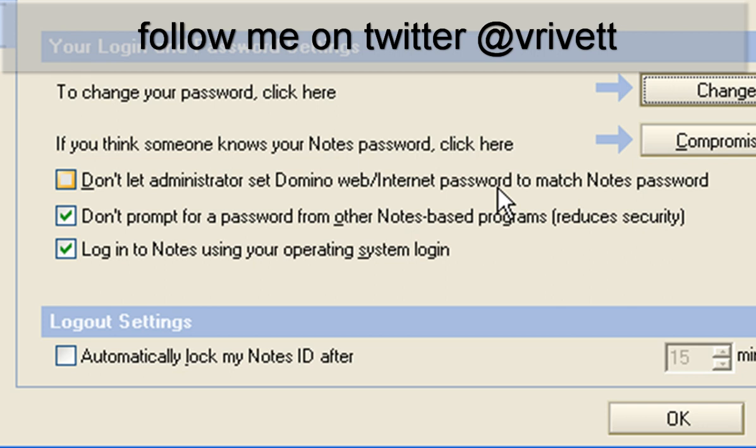So for instance, things like Same Time and Quick Hour and those kind of applications. So at the moment, I have got that unticked and in most cases, I would leave it like that.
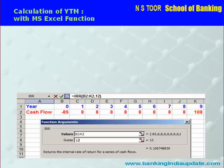Hello friends. This video is about calculation of YTM — that is yield to maturity — by using an MS Excel function in a computer.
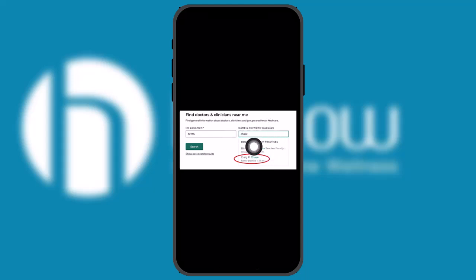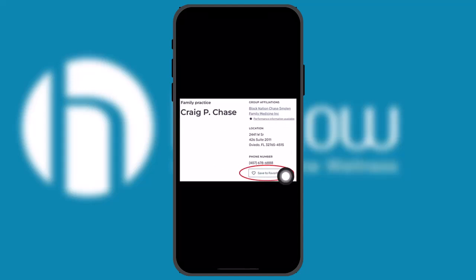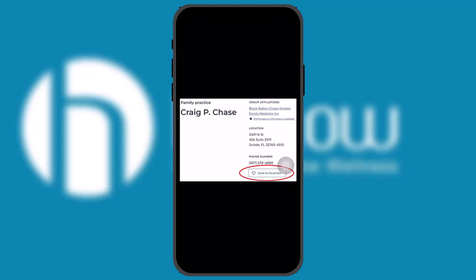To add another doctor or provider on the Helo app, simply select that doctor from the results. You'll be shown the details of the doctor, and you can add them as your primary physician or general physician by tapping on 'Add to Favorites.'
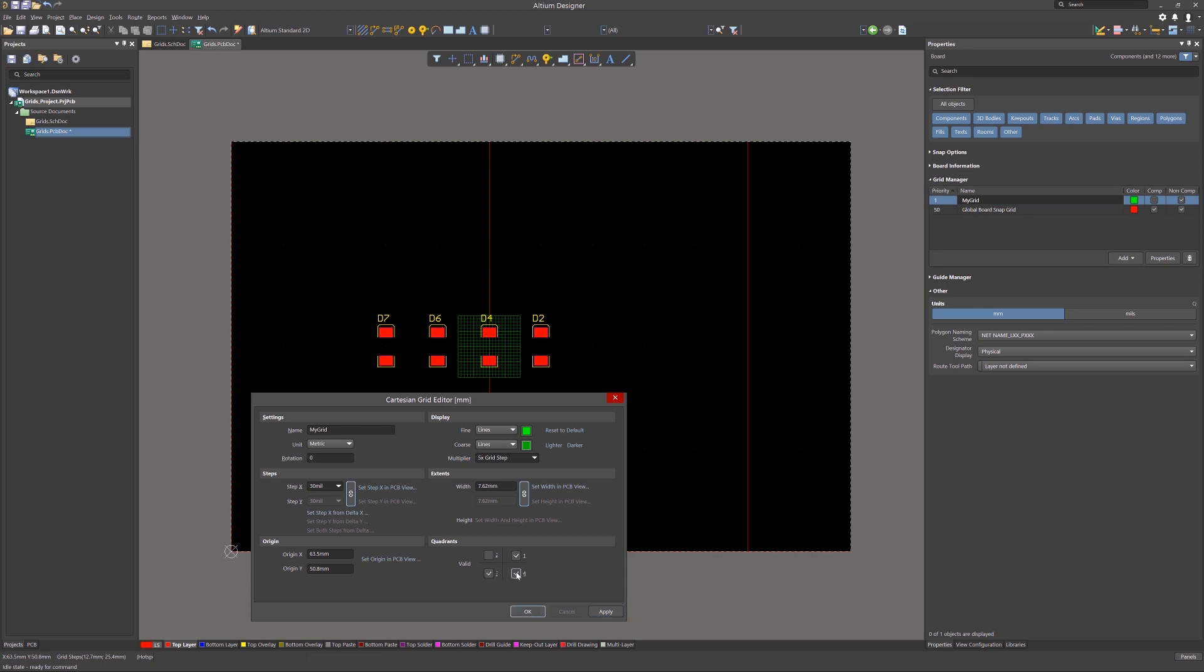Note the additional attributes that can be configured, the extents, both width and height of the size of one quadrant. These can be set by entering the numbers directly, or by using the mouse in the PCB view. This new grid that we've added has the highest priority one, and again it would be overlaid upon the default grid whose priority is 50.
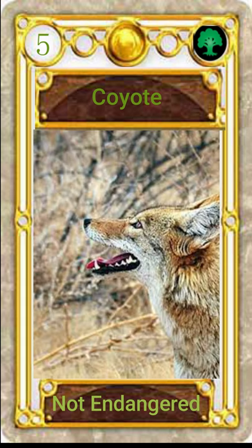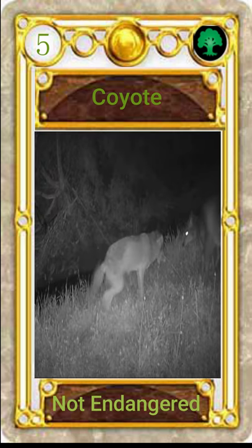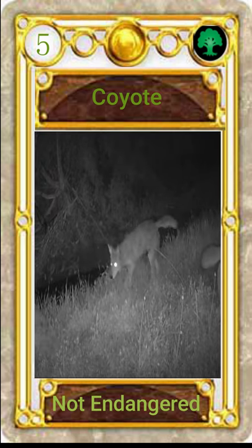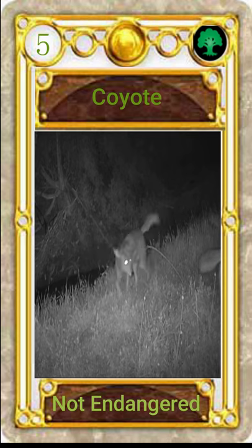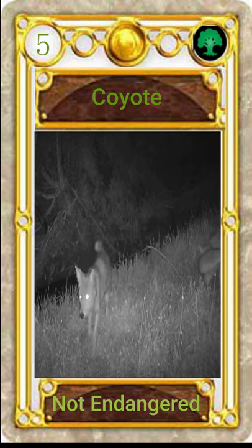Birds, plants and carcasses — they hunt at night. They are excellent swimmers.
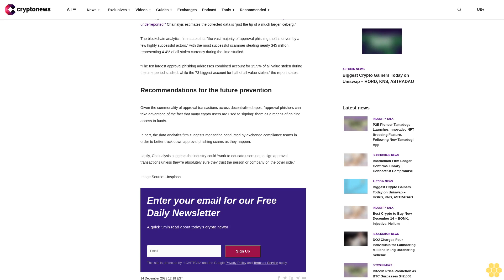Recommendations for the future prevention: given the commonality of approval transactions across decentralized apps, approval phishers can take advantage of the fact that many crypto users are used to signing them as a means of gaining access to funds. In part, the data analytics firm suggests monitoring conducted by exchange compliance teams in order to better track down approval phishing scams as they happen.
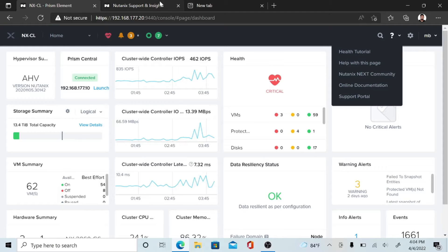Hello everyone, this is Manoj Bhatta, Customer Success Engineer in DNS. Today we are going to deploy Nutanix Move using the Prism Element web console. Nutanix Move is a tool used to migrate VMs to Nutanix AHV by automating the process of installing virtual input/output and retaining the IP as well as the MAC address on the AHV site.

◆ **Task prompt**
Write out an exact reproduction of the lines from the line that holds "Birds, plants and" to the bottom of the listing above, both ends included. Exclude pictures.

◆ **Written solution**
Birds, plants and carcasses — they hunt at night. They are excellent swimmers.
Recommendations for the future prevention: given the commonality of approval transactions across decentralized apps, approval phishers can take advantage of the fact that many crypto users are used to signing them as a means of gaining access to funds. In part, the data analytics firm suggests monitoring conducted by exchange compliance teams in order to better track down approval phishing scams as they happen.
Hello everyone, this is Manoj Bhatta, Customer Success Engineer in DNS. Today we are going to deploy Nutanix Move using the Prism Element web console. Nutanix Move is a tool used to migrate VMs to Nutanix AHV by automating the process of installing virtual input/output and retaining the IP as well as the MAC address on the AHV site.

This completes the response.